The rehabilitation of William Bligh is one of those quixotic projects that pit history against mythology, with predictable results. Remembered as a villain, the Bounty’s captain was something closer to a hero: a humane commander who spared the lash, a brilliant navigator who guided an open boat full of castaways halfway across the Pacific to safety. He entered that boat at the point of a bayonet wielded by his erstwhile protege Fletcher Christian, who betrayed him and set him adrift in mid-ocean to face what looked like certain death. Yet it is the mutineer who claims posterity’s sympathy, while “Bligh” remains a byword for sadistic tyranny.

Caroline Alexander is hardly the first author to attempt to set the record straight, but she has a better chance than most of succeeding.
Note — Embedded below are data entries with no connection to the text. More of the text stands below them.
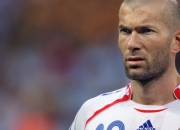 开云下载-赛道上的太阳，贝恩如何用火力压制在F1争冠战中接管比赛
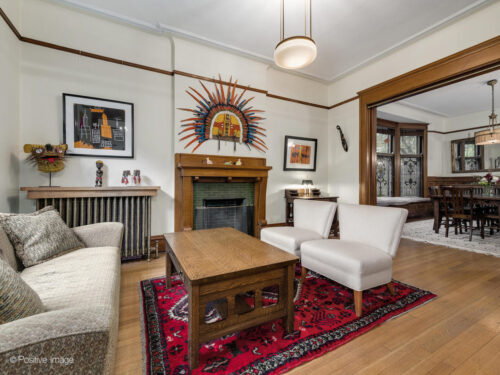 2330 N Kedzie Boulevard, Chicago, IL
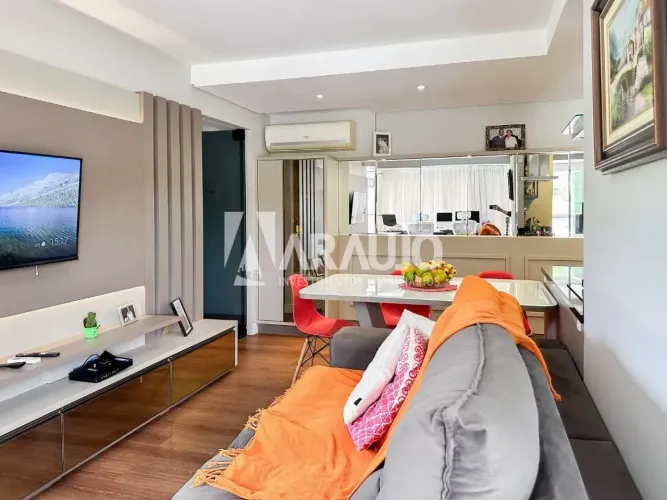 Apartamento semi mobiliado com 1 suíte e 1 dormitório no bairro Ressacada em Itajaí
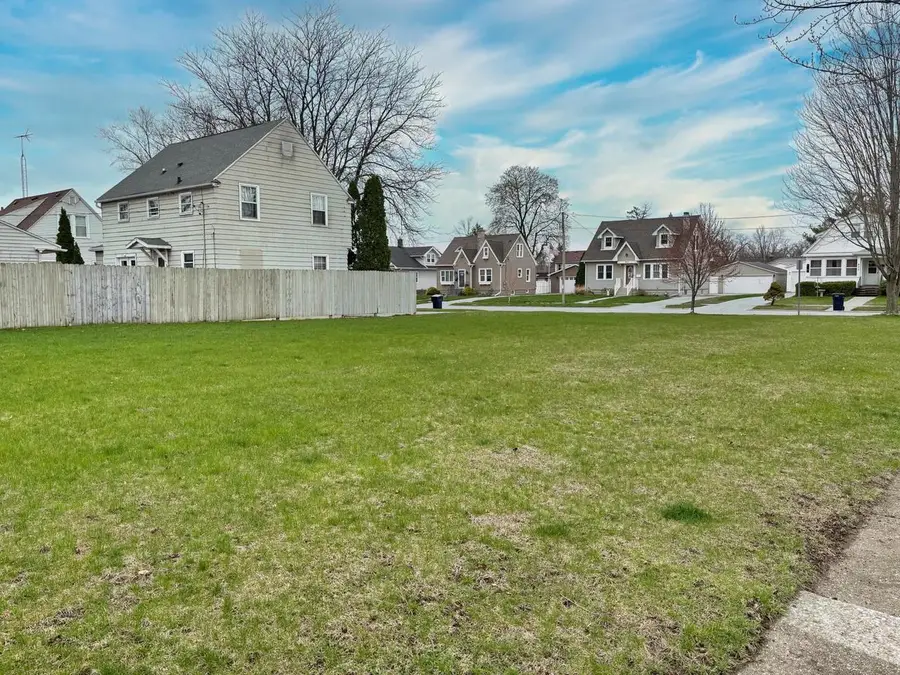 832 Cornelia Street, Janesville, WI 53545 - #2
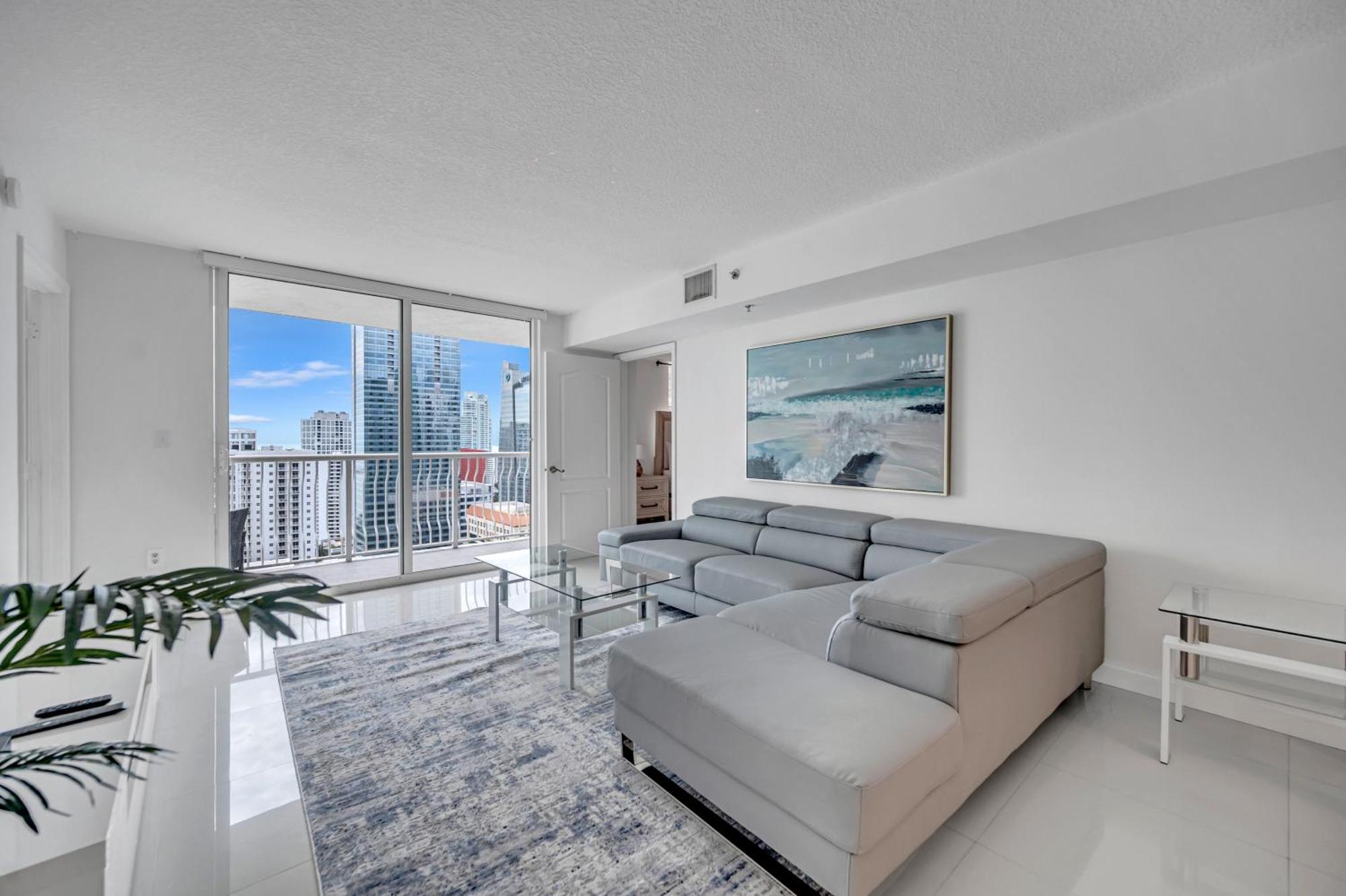 Apartamento The Club - 1200 Brickell Bay Drive *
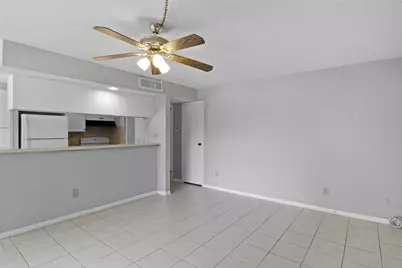 3919 Fairmont Parkway #257, Pasadena, TX 77504 - Photo 2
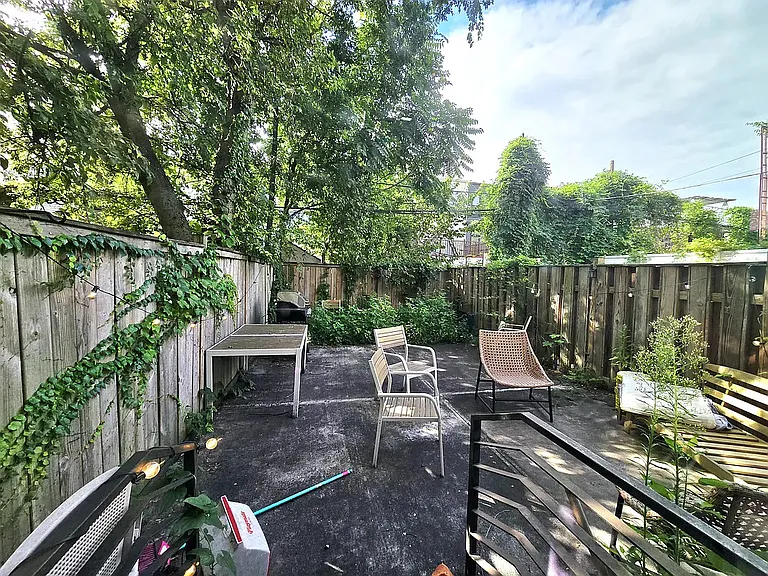 185 Schaefer St #1B — Photo 1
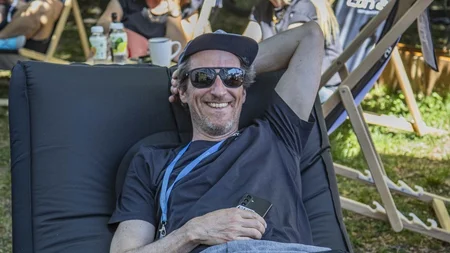 Das war das Ride ’n Gravel Testival 2026! © Sport Conrad-Leon Hoesch Mann entspannt auf Liege im Freien, im Hintergrund sitzen Frauen auf Stühlen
Her 1998 bestseller, “The Endurance,” helped restore Antarctic explorer Ernest Shackleton to history’s pantheon of heroes. Now, in “The Bounty,” she nominates Bligh for admittance to that exalted company. To succeed, she must change readers’ minds about a person they already know and detest: the brutal martinet immortalized by Charles Laughton in the 1935 film “Mutiny on the Bounty.”
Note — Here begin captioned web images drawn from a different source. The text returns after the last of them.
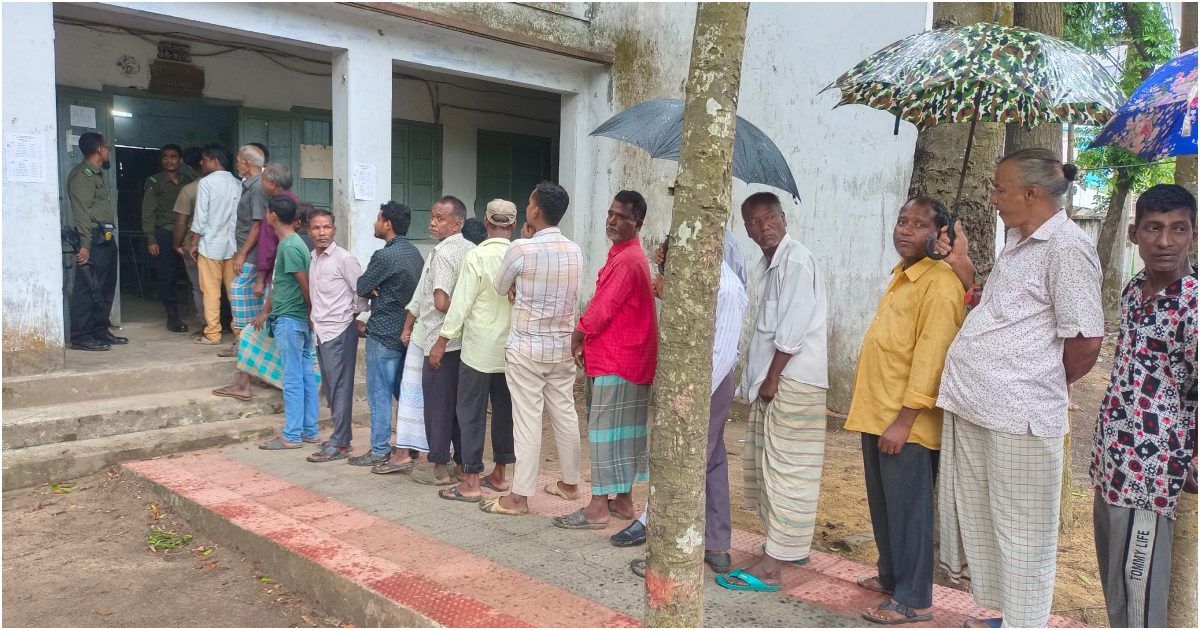 উপজেলায়-দুপুর-১২টা-পর্যন্ত-গড়-ভোট-১৫-২০-শতাংশ-ইসি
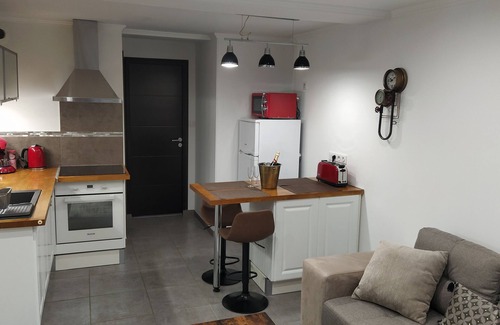 Laveyron Apartamento | Charming T2 apartment in villa with spa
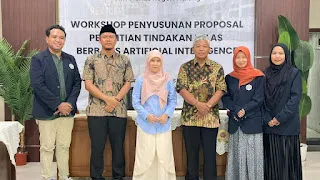 Mahasiswa S3 Pendidikan Matematika UM Dampingi Guru MTs Almaarif Singosari Susun Proposal PTK Berbasis AI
Laughton’s Bligh is a fiend who flogs men to death, then flogs their corpses for good measure. History tells a different story. The real Bligh was a Royal Navy lieutenant assigned in 1787 to take the Bounty to Tahiti on an errand for the eminent naturalist Sir Joseph Banks. Bligh was to collect breadfruit plants for transport to the West Indies as a cheap source of food for slaves. In Alexander’s telling, Bligh was a kindhearted commander, unusually solicitous of his crew’s health. In wintry latitudes, he made sure they had hot porridge for breakfast. He brought a fiddler along on the voyage to provide nightly entertainment. He flogged offenders only rarely, with evident reluctance.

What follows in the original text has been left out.